▶ [ACTIVITY] Word for word, copy out every line of the records, omitting each picture.

▶ [GIVEN RECORDS]
********************

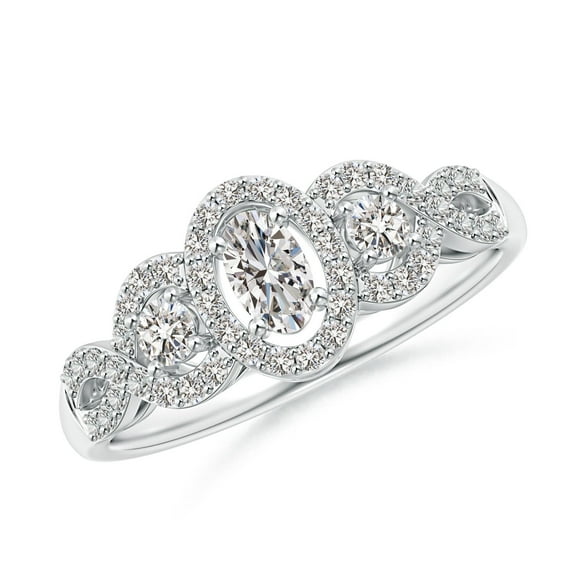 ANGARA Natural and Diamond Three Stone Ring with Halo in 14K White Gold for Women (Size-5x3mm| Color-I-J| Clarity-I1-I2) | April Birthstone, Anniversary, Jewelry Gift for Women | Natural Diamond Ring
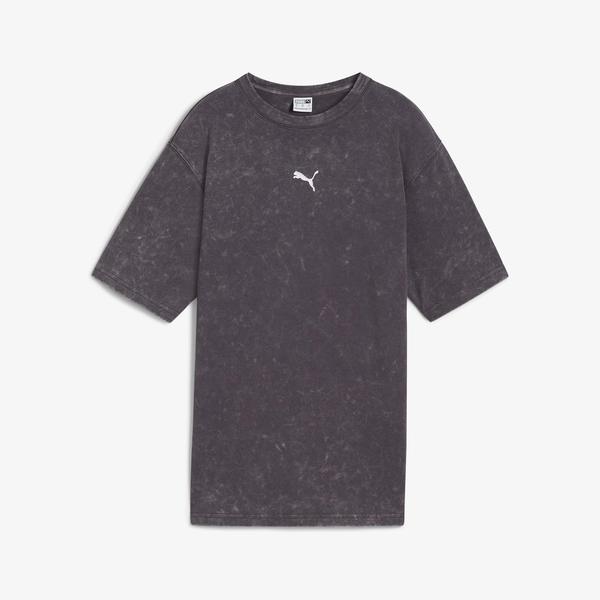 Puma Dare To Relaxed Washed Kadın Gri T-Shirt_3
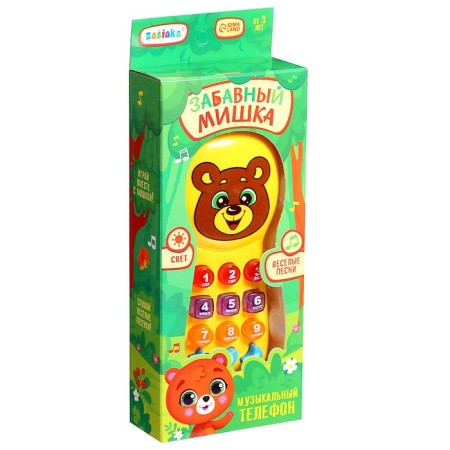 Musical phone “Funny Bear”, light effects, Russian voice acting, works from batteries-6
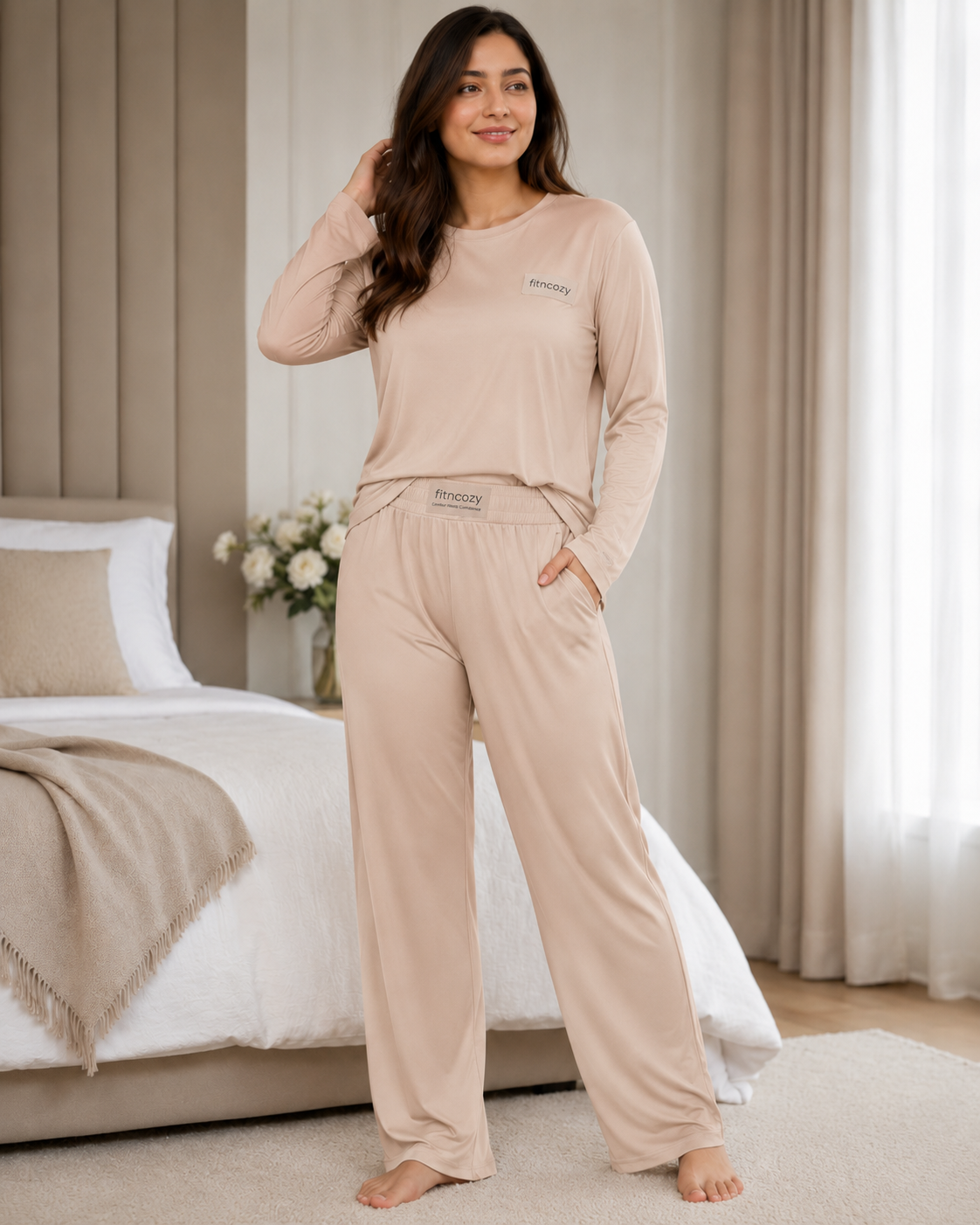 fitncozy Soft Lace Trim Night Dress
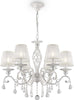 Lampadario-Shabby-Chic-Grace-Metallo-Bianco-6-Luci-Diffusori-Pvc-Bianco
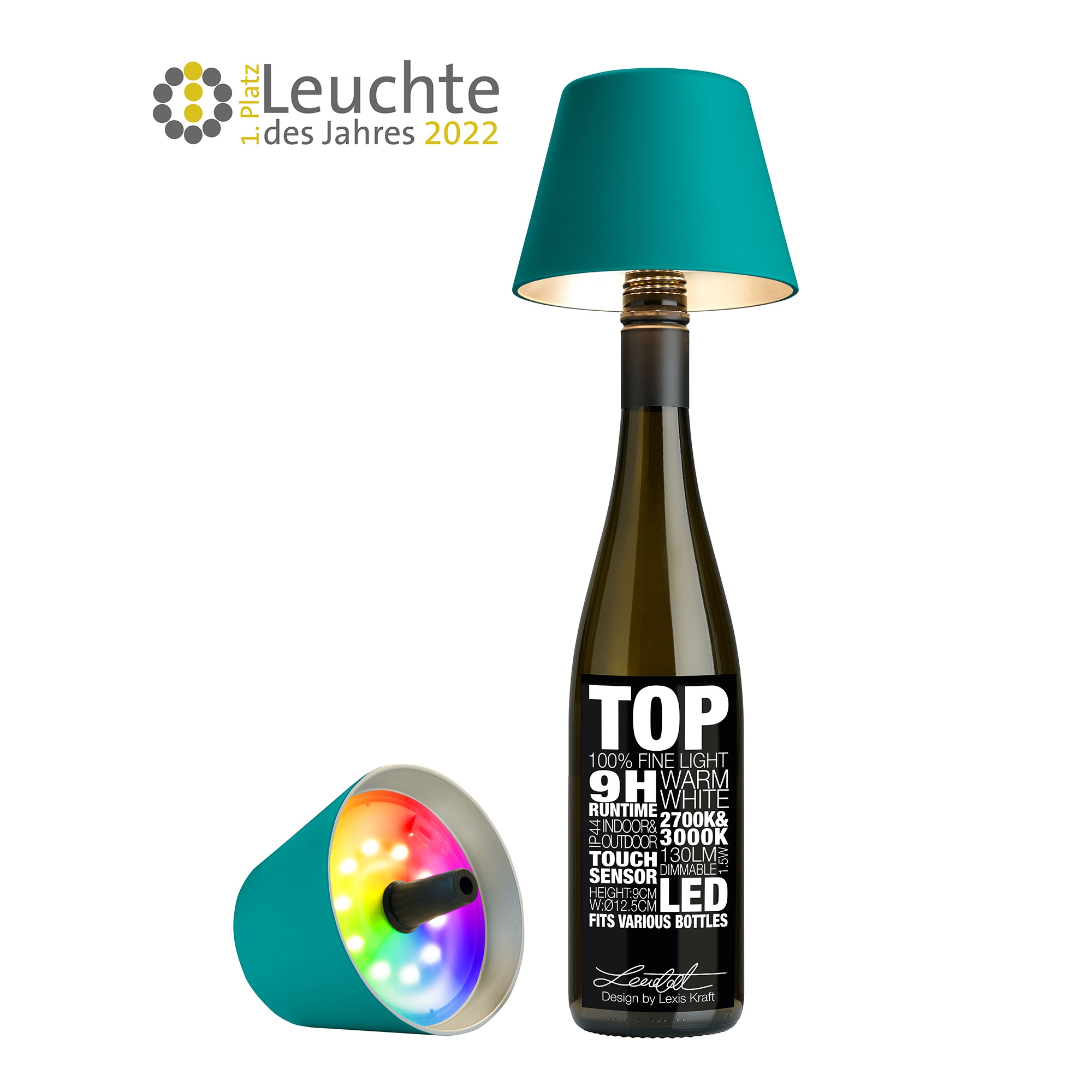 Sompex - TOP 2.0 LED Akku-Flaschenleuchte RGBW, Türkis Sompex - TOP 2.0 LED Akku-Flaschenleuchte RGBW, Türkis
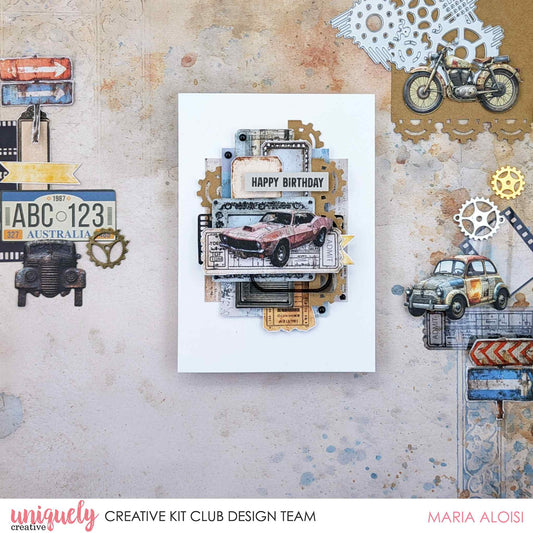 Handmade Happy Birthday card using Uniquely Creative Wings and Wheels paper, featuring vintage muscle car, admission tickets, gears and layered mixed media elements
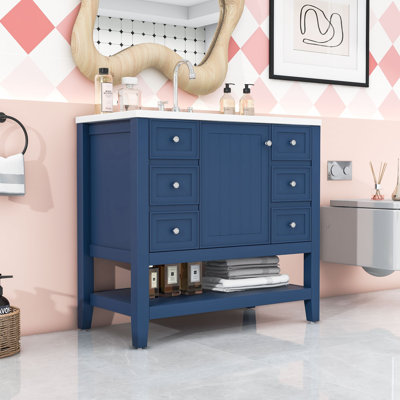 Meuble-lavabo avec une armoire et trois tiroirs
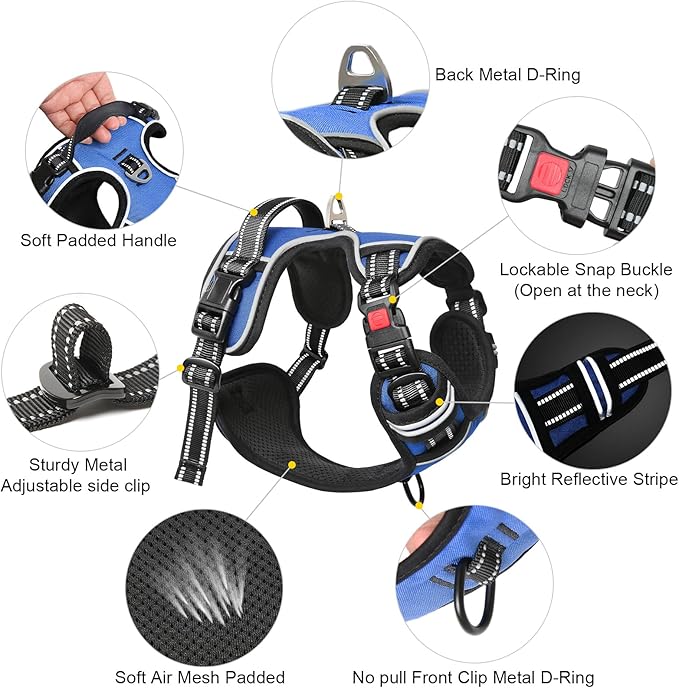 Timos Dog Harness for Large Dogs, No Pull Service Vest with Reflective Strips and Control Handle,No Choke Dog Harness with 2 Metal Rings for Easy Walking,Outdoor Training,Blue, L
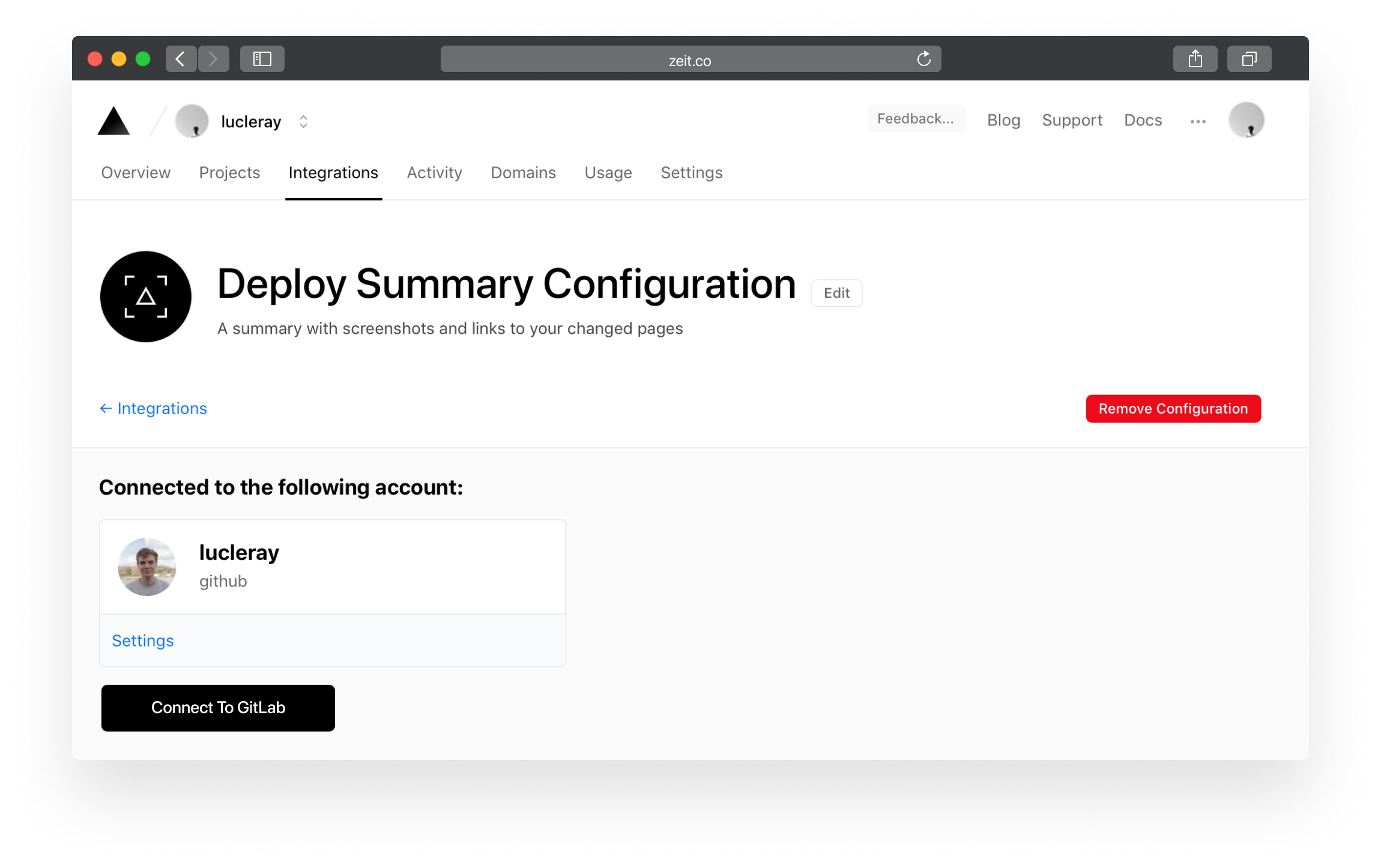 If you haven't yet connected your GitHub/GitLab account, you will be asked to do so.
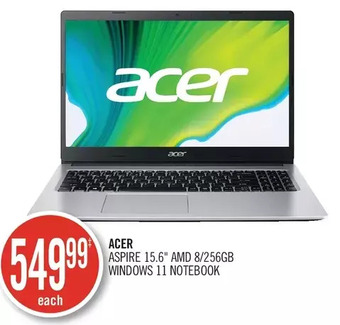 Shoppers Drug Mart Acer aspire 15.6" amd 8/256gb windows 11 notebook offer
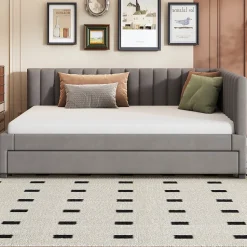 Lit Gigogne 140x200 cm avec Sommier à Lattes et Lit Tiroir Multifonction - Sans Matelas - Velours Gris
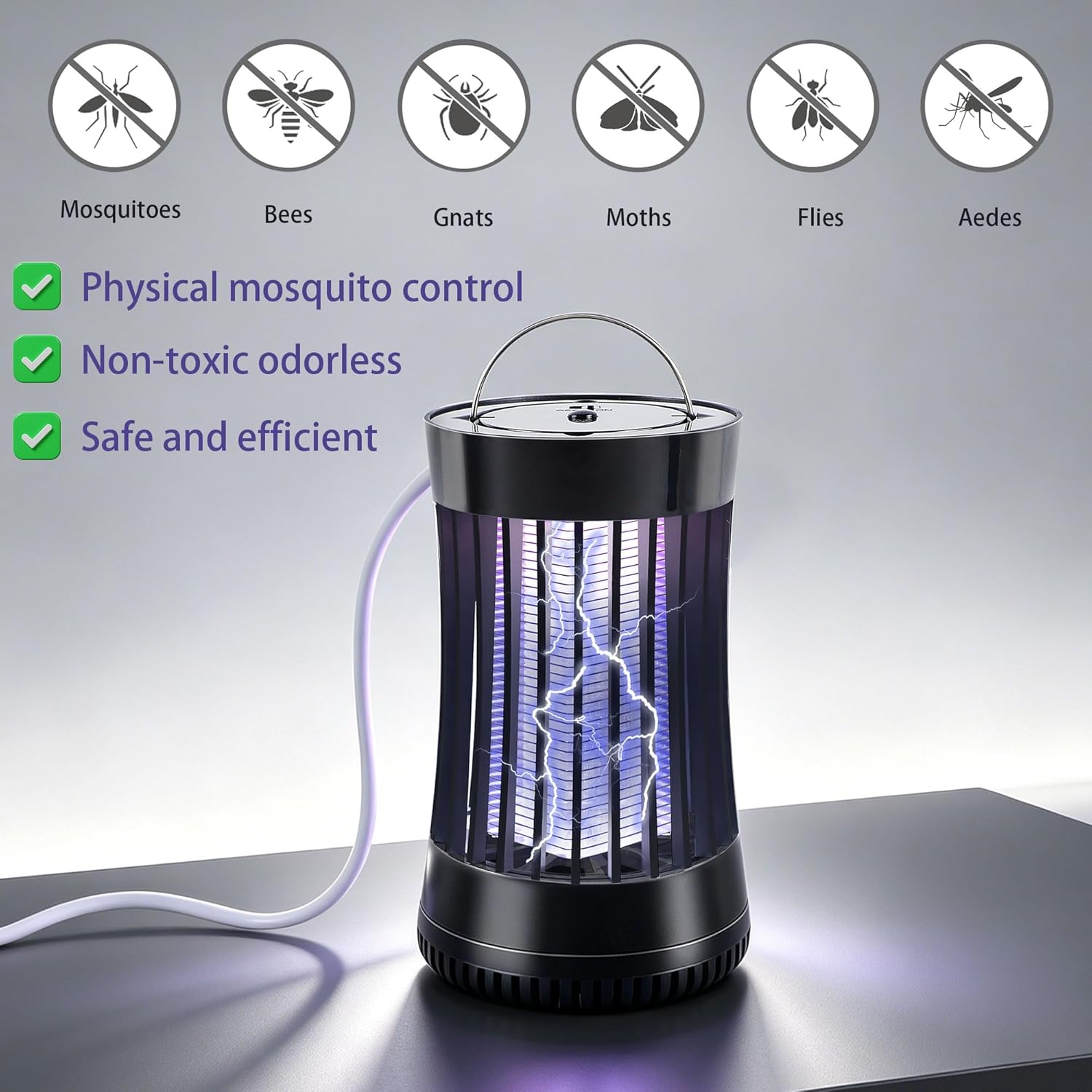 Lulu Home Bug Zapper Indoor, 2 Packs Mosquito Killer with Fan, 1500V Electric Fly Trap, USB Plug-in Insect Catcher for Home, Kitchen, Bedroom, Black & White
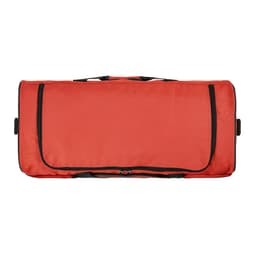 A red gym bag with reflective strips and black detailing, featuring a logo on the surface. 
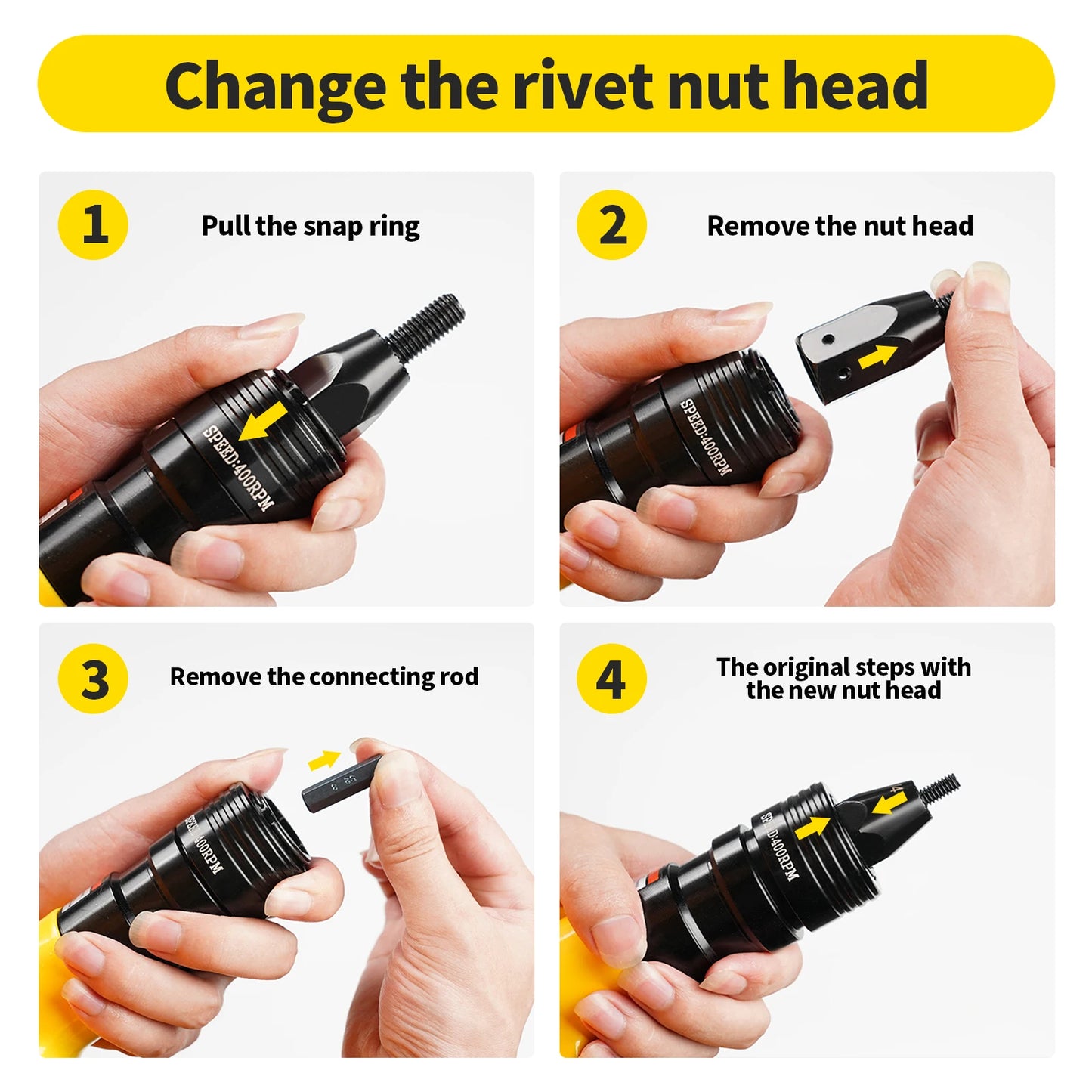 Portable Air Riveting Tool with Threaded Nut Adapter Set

********************

▶ [ANSWER SPACE]
 ANGARA Natural and Diamond Three Stone Ring with Halo in 14K White Gold for Women (Size-5x3mm| Color-I-J| Clarity-I1-I2) | April Birthstone, Anniversary, Jewelry Gift for Women | Natural Diamond Ring
 Puma Dare To Relaxed Washed Kadın Gri T-Shirt_3
 Musical phone “Funny Bear”, light effects, Russian voice acting, works from batteries-6
 fitncozy Soft Lace Trim Night Dress
 Lampadario-Shabby-Chic-Grace-Metallo-Bianco-6-Luci-Diffusori-Pvc-Bianco
 Sompex - TOP 2.0 LED Akku-Flaschenleuchte RGBW, Türkis Sompex - TOP 2.0 LED Akku-Flaschenleuchte RGBW, Türkis
 Handmade Happy Birthday card using Uniquely Creative Wings and Wheels paper, featuring vintage muscle car, admission tickets, gears and layered mixed media elements
 Meuble-lavabo avec une armoire et trois tiroirs
 Timos Dog Harness for Large Dogs, No Pull Service Vest with Reflective Strips and Control Handle,No Choke Dog Harness with 2 Metal Rings for Easy Walking,Outdoor Training,Blue, L
 If you haven't yet connected your GitHub/GitLab account, you will be asked to do so.
 Shoppers Drug Mart Acer aspire 15.6" amd 8/256gb windows 11 notebook offer
 Lit Gigogne 140x200 cm avec Sommier à Lattes et Lit Tiroir Multifonction - Sans Matelas - Velours Gris
 Lulu Home Bug Zapper Indoor, 2 Packs Mosquito Killer with Fan, 1500V Electric Fly Trap, USB Plug-in Insect Catcher for Home, Kitchen, Bedroom, Black & White
 A red gym bag with reflective strips and black detailing, featuring a logo on the surface. 
 Portable Air Riveting Tool with Threaded Nut Adapter Set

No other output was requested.